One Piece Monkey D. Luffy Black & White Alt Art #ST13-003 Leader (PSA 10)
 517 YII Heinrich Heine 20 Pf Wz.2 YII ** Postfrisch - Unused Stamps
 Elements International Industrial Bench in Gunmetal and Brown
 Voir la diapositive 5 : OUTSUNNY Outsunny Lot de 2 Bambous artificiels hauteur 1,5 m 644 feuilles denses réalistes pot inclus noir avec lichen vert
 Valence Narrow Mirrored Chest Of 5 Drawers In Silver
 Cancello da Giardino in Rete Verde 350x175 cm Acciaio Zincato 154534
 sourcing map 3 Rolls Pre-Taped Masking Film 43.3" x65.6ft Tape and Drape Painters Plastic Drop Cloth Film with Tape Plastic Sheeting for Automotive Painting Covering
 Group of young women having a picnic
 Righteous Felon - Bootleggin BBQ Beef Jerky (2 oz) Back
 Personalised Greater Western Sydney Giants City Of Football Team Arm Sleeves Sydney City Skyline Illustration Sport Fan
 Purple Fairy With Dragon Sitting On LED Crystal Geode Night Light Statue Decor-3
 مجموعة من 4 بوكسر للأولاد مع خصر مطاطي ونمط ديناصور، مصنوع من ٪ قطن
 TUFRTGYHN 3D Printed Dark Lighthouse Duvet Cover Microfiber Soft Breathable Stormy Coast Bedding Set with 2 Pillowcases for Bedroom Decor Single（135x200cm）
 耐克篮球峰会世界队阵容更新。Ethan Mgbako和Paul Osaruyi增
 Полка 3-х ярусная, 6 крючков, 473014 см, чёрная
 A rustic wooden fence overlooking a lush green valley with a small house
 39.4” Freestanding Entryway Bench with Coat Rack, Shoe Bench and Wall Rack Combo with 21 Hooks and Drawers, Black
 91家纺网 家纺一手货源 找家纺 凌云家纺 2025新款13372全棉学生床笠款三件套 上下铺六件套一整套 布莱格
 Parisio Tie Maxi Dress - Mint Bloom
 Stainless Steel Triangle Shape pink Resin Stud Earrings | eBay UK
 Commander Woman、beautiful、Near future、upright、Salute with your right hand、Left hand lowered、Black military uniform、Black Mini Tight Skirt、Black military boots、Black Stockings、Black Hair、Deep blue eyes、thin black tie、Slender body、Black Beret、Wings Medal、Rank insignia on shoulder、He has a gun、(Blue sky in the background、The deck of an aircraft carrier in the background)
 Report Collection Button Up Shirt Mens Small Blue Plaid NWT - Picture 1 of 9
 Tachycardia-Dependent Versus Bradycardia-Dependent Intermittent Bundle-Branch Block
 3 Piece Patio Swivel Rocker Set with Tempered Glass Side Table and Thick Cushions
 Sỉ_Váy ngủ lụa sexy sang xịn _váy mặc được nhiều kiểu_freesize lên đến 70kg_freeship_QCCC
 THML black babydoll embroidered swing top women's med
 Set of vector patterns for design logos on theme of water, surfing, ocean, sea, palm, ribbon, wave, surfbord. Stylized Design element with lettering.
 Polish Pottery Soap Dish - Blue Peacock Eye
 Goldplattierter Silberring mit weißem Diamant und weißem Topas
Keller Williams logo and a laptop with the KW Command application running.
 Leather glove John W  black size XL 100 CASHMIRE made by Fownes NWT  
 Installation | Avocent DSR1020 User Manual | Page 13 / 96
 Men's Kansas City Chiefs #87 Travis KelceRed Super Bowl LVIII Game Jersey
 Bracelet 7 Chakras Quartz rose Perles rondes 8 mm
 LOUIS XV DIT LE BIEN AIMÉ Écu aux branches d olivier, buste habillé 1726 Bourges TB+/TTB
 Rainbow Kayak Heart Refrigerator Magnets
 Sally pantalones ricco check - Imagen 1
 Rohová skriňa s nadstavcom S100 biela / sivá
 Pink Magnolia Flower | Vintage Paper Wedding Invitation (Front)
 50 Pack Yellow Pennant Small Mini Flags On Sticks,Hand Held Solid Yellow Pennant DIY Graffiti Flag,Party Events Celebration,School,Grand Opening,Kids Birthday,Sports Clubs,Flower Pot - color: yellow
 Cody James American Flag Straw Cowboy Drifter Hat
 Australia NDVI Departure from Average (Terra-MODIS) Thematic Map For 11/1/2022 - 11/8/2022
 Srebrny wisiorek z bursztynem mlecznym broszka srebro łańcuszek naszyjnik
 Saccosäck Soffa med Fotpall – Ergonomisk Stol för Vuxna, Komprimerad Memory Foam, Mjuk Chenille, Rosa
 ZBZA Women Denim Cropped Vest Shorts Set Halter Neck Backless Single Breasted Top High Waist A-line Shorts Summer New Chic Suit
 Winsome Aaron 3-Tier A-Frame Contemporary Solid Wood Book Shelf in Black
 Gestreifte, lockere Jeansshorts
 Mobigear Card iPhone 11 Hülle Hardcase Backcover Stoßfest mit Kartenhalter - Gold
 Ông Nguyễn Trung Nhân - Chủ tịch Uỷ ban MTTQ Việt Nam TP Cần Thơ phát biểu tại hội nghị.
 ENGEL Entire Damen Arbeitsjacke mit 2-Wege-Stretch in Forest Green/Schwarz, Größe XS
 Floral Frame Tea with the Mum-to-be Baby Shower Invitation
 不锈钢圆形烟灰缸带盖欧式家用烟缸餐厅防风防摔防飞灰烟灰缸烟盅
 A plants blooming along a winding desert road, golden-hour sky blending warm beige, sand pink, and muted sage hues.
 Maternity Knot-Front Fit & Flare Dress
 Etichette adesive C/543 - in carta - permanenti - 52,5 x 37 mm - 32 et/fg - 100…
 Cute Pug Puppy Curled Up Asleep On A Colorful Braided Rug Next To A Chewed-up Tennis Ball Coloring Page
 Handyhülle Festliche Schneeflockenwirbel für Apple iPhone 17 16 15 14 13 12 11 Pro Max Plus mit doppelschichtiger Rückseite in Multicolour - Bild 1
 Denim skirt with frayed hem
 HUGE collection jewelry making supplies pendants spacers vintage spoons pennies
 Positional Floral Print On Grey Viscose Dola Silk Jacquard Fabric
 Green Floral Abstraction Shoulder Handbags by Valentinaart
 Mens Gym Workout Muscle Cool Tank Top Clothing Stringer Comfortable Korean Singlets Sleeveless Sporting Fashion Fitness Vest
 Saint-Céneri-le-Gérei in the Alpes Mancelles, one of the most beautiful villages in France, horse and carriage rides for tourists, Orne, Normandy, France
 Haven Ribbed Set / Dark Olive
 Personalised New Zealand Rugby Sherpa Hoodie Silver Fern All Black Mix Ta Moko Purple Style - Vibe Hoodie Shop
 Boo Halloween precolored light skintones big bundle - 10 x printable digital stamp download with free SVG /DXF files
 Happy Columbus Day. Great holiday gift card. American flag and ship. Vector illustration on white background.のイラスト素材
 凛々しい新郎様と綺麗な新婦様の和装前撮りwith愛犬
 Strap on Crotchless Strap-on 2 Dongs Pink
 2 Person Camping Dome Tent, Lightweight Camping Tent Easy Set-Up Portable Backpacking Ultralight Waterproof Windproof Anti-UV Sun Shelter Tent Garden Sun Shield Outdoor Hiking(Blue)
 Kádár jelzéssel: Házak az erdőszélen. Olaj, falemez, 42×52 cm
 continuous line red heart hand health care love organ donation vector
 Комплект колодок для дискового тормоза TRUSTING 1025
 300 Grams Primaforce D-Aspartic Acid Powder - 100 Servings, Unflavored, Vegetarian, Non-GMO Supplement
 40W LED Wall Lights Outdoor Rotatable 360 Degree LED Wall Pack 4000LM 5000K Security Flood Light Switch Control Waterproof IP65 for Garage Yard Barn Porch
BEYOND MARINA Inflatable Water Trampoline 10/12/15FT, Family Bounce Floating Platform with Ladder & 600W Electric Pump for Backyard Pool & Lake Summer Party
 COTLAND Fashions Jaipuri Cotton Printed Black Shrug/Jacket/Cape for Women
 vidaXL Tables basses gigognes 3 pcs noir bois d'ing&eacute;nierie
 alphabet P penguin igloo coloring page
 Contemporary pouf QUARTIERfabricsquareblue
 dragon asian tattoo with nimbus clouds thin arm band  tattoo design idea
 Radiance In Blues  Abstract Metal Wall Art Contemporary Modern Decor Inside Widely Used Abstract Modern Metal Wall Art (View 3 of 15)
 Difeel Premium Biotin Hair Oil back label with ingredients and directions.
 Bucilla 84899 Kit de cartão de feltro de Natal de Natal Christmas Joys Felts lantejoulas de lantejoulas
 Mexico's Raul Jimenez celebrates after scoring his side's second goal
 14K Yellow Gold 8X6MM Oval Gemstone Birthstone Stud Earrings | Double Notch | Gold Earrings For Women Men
────────
Aim of the exercise:
Among the entries, count how many lines hold the string "Dark", then state only that number.

Answer box:
2